Planners vs. Pantzers


I've learned there are basically two types of writers in this world: planners and pantzers. Planners write exactly how you think they would write. They make a plan. It can be in the form of an outline, or a storyboard, or a graph, or some other device they find helpful in keeping their thoughts organized. They do character sketches, and maps, and setting studies. They may do interviews or other advanced research. And finally, when all their information is gathered and ordered, they write.


Pantzers, on the other hand, do none of that. They write by the seat of their pants. They open a blank page on their computer, or sharpen a pencil and pull out their trusty yellow legal pad and get to work.

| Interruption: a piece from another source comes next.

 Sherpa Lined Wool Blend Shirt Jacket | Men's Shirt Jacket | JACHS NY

In my normal life, I am a planner. I’m so much of a planner that I've been hired to plan for other people. However, in writing–I am a pantzer. I'm embarrassed to say I'm a pantzer mostly because I was acting as a petulant three-year-old when the idea to write a fiction novel first came to me. I had no interest in writing, particularly writing fiction. I’d been writing technical or educational material most of my adult life and I was tired of it. So write a fiction novel? I didn’t even read a lot of fiction. I was in love with biographies and history books. Fiction? Not me.


But the idea would not leave me alone and for two weeks I had a continuous loop of "Write a fiction novel. Write a fiction novel." pounding away in my head like an old grandfather clock that wouldn’t stop chiming. So, one day, I stomped my three-year-old little foot and said, “Fine. I’ll do it. But here are the rules: This story only has to have a beginning, a middle, and an end. It doesn’t have to be good. AND, I’m not going to plan. I’m just gonna write.”

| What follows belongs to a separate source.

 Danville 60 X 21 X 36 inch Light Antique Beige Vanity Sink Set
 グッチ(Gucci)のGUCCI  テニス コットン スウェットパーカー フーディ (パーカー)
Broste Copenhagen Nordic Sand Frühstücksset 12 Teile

I thought I was talking to myself. I wasn’t.


Since that day, it’s become very clear to me the voice I heard in my head was not my own. It was the Holy Spirit prompting me to do something He wanted me to do. And you may think it unfortunate that I laid down those rules for writing, but God knew what He was doing. He knew how to motivate me to write in the way I should be writing. You see, if I had agreed to write a novel initially, if I thought it was a fabulous idea, I would have been a planner. I would have planned so much that I’d know exactly what was to happen in each book, chapter by chapter, paragraph by paragraph. There would have been no room for spontaneous creativity, or flexibility, or divine inspiration.

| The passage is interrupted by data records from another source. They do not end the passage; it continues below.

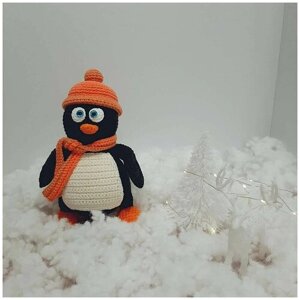 Вязаная игрушка "Пингвиненок" в Москве от компании М.Видео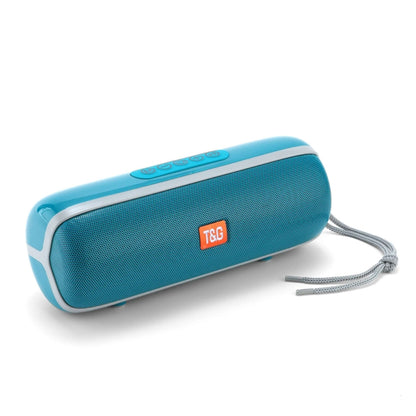 T&G TG183 TWS Mini Wireless Bluetooth Speaker, Supports AUX / USB 2.0 / FM / 32GB TF Card or Micro SD Card(Peacock Blue) - Mini Speaker by T&G | Online Shopping UK | buy2fix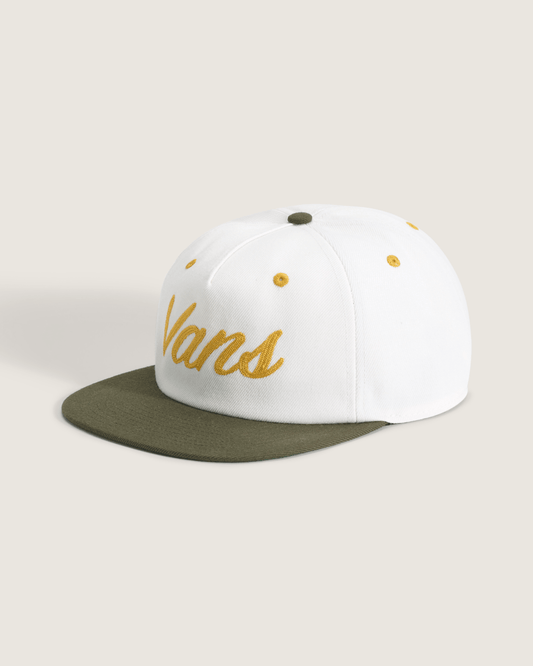 Vans Gotsie Snapback Hat in Dried Kelp Green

But, as a pantzer, all boundaries were removed. I was not confined to a structure of my own creation. Instead, my imagination was allowed to roam free, hand-in-hand or keyboard-to-

keyboard with the Holy Spirit. He is my co-author and by being a pantzer, I’ve allowed Him to have His say. He’s all over the pages. From the names of characters, to incidents that happened to them, to the setting itself in that wonderful town of Eastport, Maine.


In the future, I’ll be sharing a few specific things that have happened so you’ll know just what I’m talking about, but for now–that’s the loafdown.